Input records:
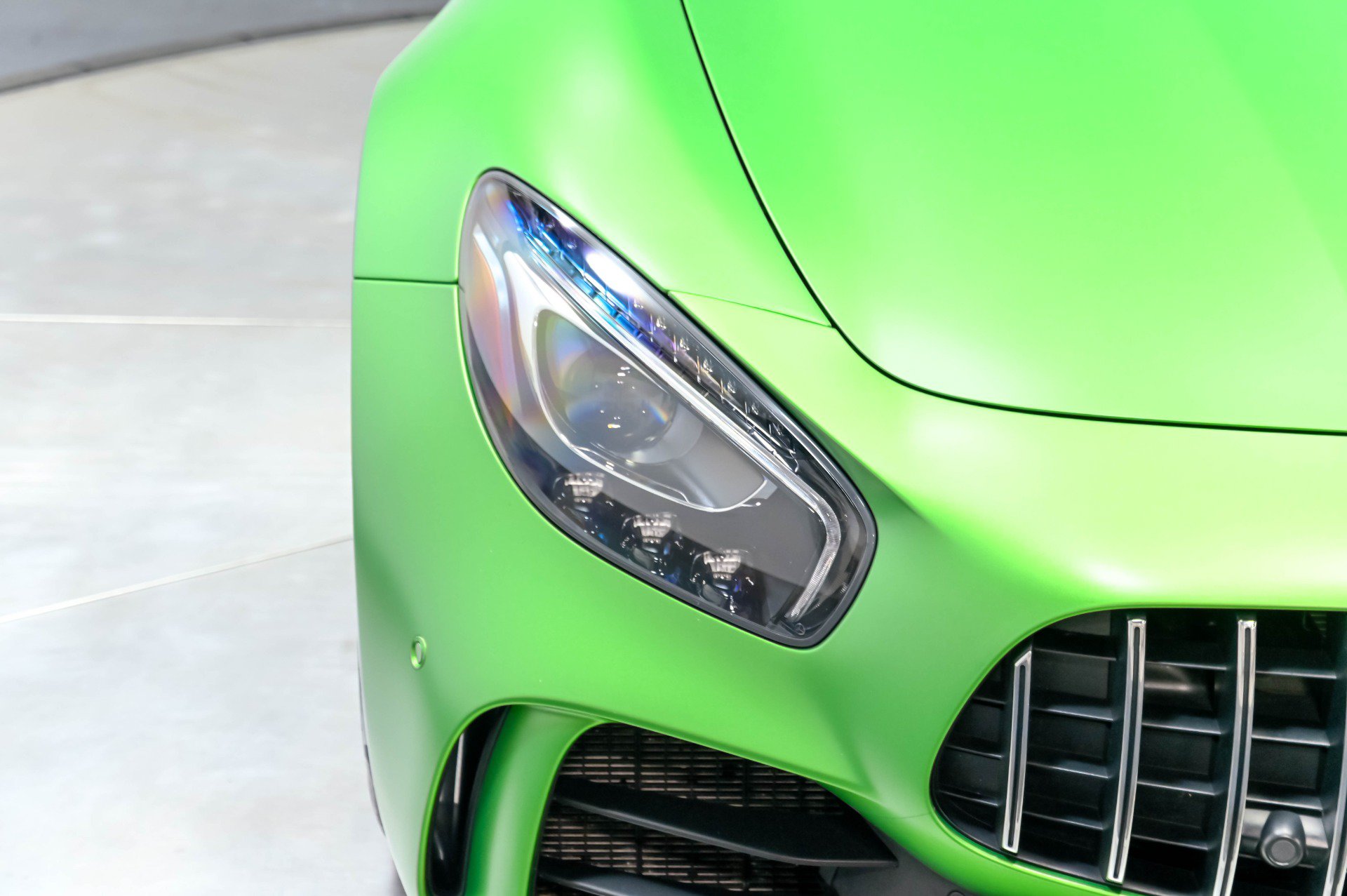 Used 2018 Mercedes-Benz AMG GT R image 47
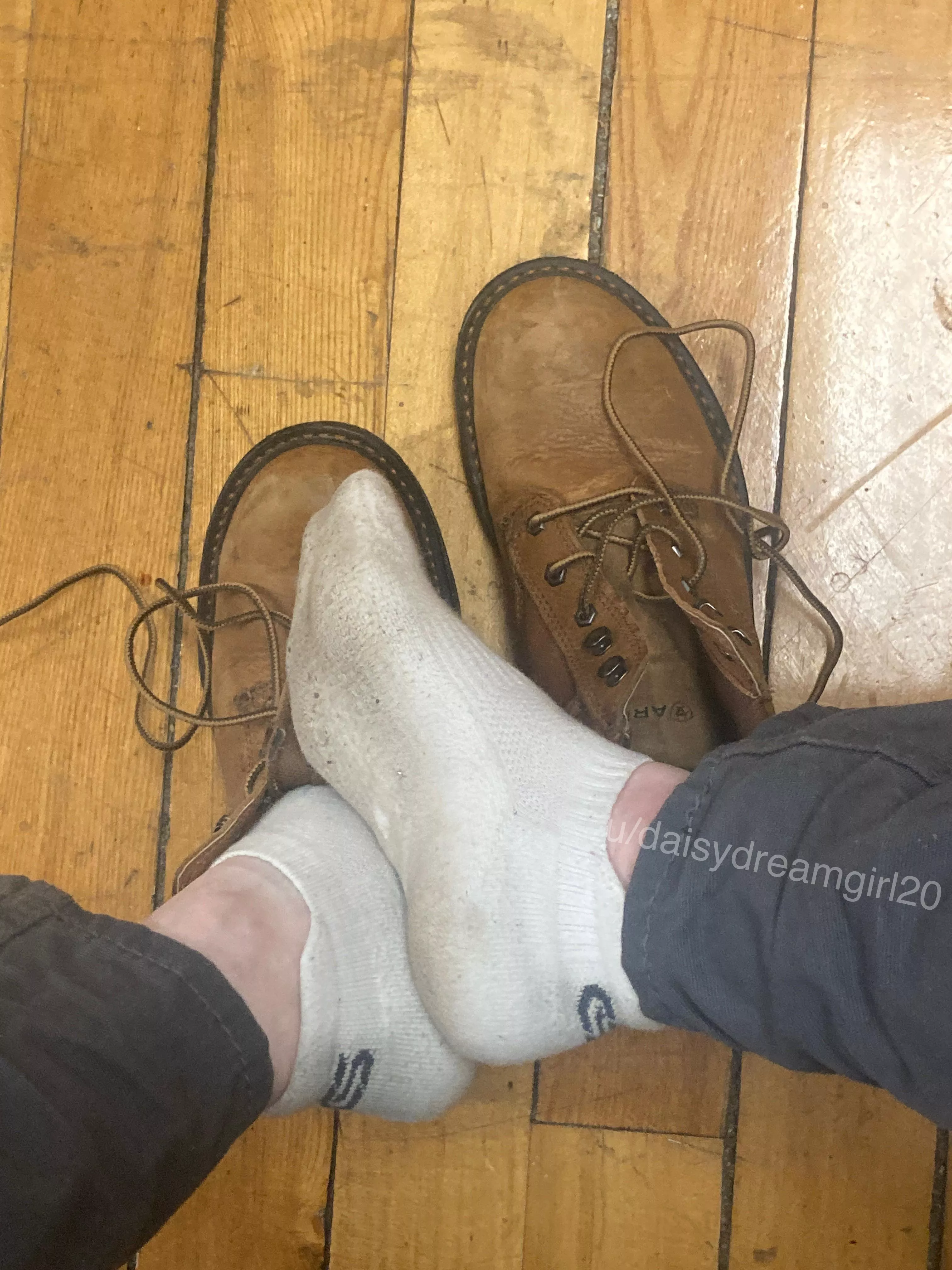 day 8 in the work boots, and yes they have toe prints [selling][us]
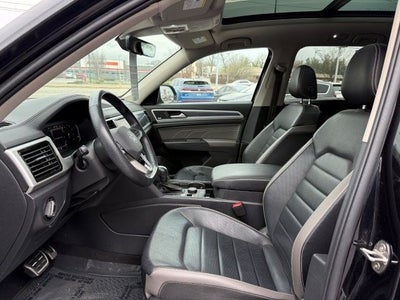 2022 Volkswagen Atlas 3.6L V6 SEL Premium R-Line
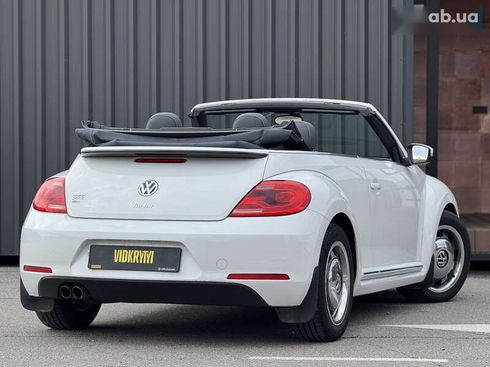 Volkswagen Beetle 2016 - фото 12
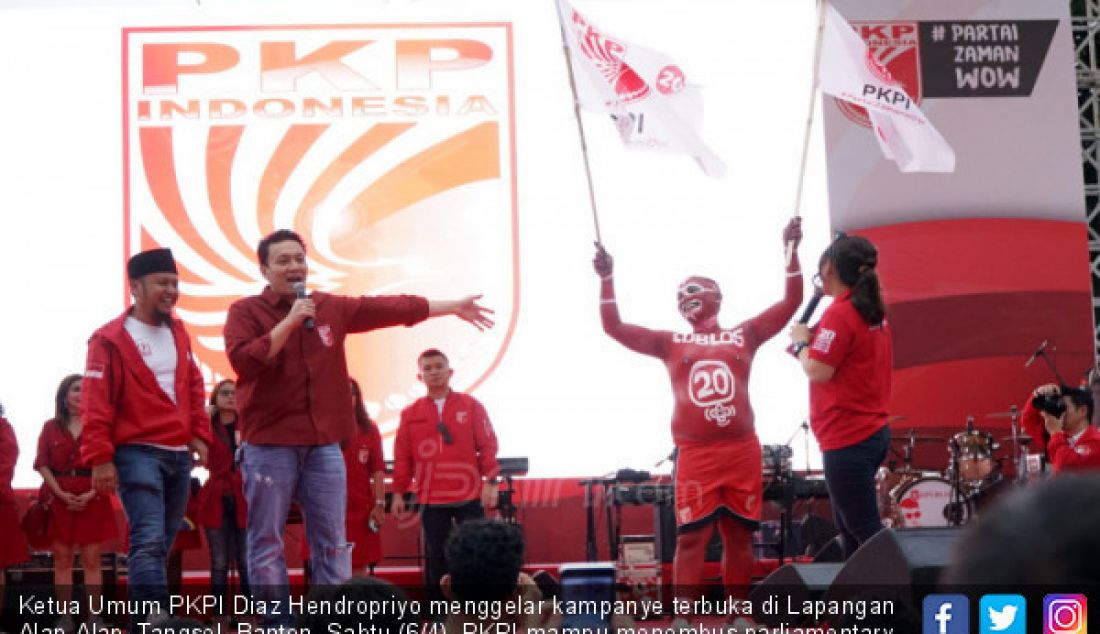 Ketua Umum PKPI Diaz Hendropriyo menggelar kampanye terbuka di Lapangan Alap-Alap, Tangsel, Banten, Sabtu (6/4). PKPI mampu menembus parliamentary threshold (PT) 4% dan mengirimkan kadernya ke Senayan. - JPNN.com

Exercise:
Nothing but the text is wanted: repeat the data above exactly, without its images.

Answer section:
 Used 2018 Mercedes-Benz AMG GT R image 47
 day 8 in the work boots, and yes they have toe prints [selling][us]
 2022 Volkswagen Atlas 3.6L V6 SEL Premium R-Line
 Volkswagen Beetle 2016 - фото 12
 Ketua Umum PKPI Diaz Hendropriyo menggelar kampanye terbuka di Lapangan Alap-Alap, Tangsel, Banten, Sabtu (6/4). PKPI mampu menembus parliamentary threshold (PT) 4% dan mengirimkan kadernya ke Senayan. - JPNN.com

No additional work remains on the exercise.